In Bucksport, we parked down the street from the ice cream stand and walked over to the riverside park to eat our treat and enjoy the stunning view of the new bridge over the Penobscot Narrows. The handsome modern structure was partly obscured by its predecessor, a decrepit steel bridge that for many years served as the gateway to downeast Maine. “They’re going to take that old bridge down this summer,” I commented as I licked my cone and felt my stomach begin to settle. “It can’t be too soon for me,” Franklin said quietly. “Why?” I asked. “Bad memories,” he replied. “When I was going through my struggles, I got close to a minister who saw me through the toughest times –he always had a calming effect. The last day I saw him, well, that night he jumped off that bridge to his death.” “Why?” I asked again, too startled to come up with a more measured response. “I’ve been forty years thinking about it,” he said gravely, “and I’ve never been able to answer that question.”
We finished our cones in silence and walked back to the truck. When we came close to the vehicle, we were both brought up short. Dozens of yellow butterflies had settled on the truck’s surface, radiant in the late afternoon sun. Who knows what caused them to congregate there — the time of year and its warming weather, or, perhaps the truck’s pungent odor, or its warm and white metal surface. Perhaps it was just our own raw need for nature’s solace that got us to notice them. Whatever it was, it was a blessed visitation. As we climbed back into the truck, the butterflies flew off and we were on our way to the last stop of the day.
It wasn’t long before we arrived at the region’s waste-to-energy conversion plant.

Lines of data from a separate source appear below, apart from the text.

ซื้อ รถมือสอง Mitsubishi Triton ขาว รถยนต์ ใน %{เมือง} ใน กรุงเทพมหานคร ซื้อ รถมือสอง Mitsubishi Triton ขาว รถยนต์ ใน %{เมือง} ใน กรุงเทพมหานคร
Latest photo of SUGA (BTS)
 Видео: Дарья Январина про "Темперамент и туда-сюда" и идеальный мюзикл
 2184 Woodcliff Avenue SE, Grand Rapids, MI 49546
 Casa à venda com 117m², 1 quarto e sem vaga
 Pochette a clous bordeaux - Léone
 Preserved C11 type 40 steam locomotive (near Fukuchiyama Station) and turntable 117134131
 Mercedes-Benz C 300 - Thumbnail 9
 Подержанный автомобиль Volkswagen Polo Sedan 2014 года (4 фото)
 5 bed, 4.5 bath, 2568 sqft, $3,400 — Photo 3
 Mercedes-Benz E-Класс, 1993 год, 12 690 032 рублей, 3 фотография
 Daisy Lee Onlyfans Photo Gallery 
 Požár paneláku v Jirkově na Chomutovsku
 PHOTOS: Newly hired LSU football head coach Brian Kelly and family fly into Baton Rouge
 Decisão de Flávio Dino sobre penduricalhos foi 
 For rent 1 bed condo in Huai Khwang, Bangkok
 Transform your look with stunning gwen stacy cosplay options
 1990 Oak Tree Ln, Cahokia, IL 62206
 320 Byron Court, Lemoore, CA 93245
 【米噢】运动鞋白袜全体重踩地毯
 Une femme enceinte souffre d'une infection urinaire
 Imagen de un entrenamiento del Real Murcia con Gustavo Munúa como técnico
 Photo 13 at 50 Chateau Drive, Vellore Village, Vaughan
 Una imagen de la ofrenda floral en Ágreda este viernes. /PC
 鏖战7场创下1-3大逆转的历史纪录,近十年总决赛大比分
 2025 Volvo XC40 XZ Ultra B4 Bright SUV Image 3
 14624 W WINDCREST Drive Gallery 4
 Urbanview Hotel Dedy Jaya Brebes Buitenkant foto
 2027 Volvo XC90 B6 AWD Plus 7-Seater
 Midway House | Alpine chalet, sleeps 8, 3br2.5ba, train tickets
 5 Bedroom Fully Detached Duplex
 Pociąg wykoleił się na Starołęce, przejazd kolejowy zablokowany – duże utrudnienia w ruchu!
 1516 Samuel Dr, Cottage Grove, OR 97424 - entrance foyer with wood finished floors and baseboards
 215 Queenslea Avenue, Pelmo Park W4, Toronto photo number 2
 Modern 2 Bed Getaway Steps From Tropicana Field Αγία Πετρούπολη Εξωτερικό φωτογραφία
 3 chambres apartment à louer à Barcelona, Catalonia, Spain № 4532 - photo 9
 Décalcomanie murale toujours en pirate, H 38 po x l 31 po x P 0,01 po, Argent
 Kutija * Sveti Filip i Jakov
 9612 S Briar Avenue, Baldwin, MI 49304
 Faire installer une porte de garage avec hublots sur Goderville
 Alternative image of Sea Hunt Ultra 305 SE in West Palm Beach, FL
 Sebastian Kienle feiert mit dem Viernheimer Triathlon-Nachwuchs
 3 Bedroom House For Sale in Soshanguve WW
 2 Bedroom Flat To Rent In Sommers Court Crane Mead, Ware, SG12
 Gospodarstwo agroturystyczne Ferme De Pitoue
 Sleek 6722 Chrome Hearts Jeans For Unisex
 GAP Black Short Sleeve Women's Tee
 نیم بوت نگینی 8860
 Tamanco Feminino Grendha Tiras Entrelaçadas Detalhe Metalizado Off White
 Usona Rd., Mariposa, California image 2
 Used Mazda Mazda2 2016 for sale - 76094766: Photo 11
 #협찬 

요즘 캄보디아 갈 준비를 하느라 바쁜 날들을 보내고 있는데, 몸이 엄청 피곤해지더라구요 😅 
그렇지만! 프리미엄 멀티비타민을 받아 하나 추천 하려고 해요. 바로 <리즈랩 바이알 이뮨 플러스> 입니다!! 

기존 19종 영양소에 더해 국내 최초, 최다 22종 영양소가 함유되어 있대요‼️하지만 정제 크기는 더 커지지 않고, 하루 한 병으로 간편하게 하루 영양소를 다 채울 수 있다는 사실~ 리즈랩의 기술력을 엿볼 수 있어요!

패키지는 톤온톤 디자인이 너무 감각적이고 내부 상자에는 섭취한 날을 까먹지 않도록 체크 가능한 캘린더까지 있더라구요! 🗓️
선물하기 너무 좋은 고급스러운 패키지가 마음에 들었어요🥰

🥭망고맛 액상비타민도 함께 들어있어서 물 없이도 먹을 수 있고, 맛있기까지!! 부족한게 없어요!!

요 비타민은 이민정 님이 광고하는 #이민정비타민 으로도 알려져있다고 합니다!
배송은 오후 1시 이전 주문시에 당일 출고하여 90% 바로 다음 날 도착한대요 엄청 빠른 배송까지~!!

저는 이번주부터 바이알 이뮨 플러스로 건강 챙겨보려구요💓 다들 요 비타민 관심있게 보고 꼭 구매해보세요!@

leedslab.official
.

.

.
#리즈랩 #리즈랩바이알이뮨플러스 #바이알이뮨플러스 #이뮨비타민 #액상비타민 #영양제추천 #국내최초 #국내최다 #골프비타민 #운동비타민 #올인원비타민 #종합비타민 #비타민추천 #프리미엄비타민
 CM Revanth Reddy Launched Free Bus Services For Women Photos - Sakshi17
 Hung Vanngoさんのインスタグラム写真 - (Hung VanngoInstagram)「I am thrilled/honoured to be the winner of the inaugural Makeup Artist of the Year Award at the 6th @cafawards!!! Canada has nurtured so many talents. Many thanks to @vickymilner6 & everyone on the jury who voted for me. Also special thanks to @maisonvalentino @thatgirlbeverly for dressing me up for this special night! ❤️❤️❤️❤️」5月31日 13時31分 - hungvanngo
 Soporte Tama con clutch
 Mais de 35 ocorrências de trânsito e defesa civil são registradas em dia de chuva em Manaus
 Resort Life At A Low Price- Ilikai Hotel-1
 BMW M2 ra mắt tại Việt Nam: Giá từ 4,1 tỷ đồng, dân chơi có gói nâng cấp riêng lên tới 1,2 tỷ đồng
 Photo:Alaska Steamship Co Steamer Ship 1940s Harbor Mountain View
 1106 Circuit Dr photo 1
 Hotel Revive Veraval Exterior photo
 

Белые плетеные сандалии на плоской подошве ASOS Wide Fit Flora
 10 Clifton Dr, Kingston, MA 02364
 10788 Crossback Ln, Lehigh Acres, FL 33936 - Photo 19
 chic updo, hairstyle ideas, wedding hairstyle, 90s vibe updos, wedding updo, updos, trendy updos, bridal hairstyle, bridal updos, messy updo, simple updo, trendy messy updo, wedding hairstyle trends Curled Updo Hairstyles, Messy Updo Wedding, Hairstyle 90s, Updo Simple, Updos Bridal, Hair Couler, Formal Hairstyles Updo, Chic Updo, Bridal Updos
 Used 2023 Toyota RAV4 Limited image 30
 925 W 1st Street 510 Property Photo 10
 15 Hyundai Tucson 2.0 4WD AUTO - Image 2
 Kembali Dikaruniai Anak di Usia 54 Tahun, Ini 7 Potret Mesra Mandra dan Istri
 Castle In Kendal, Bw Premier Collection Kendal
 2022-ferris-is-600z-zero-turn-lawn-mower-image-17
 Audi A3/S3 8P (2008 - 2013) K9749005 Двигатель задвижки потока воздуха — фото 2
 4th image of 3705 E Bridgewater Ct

Franklin exchanged congenial insults over the radio with the plant’s dispatcher while we waited in line for our turn on the weighing scales. Suddenly came the order for him to drive backwards down the ramp. From the view in our side mirrors, it appeared we were backing into the gates of hell. Slowly we entered the gloom of an immense metal shed, two football fields long and half again as wide, filled to the gills with refuse. The truck crept backward into a narrowing wedge between walls of garbage piled fifty to sixty feet high on every side.
In front of us now was a monster of a front-end loader with a bucket eight feet high and twelve feet across. Dangling above were the menacing jaws of an eighty-foot crane on a cement pedestal. On either side, companion garbage trucks emitted their day’s collection into the foul space. Franklin reached under his seat for his hard hat, looked me in the eye and warned me: “Stay inside the truck.” “Where did he think I was going to go?” I wondered. He hopped out and suddenly the truck lurched backward. Then it began to whine and groan and writhe as it slowly disgorged its slimy offering into the fetid mass. All I could do was hold on, tell myself not even to think what might happen if the walls came slithering down, and wait for Franklin to get us the hell out of hell! He finally climbed back in, supremely unfazed by the gruesome operation, and drove us across the slippery surface and out onto the sun-splashed road leading away from the plant.
In fifty minutes, I was back home. Franklin left me off and I thanked him for a day I knew I wouldn’t forget. I walked down my drive, the bones of my skeleton still echoing from the vibrations of the truck, the lilt and twang of Franklin’s conversation still sounding in my head. I ached and smelled, but I was also moved and comforted by the day’s ride on the Coddington garbage truck. This much I learned: that trash collecting is a demanding, widely-disdained job that the world cannot do without, that this tough, menial labor can be done with extraordinary grace and that, in the end, it’s not what you do in life that’s all that important, it’s how you do your work that truly makes a difference.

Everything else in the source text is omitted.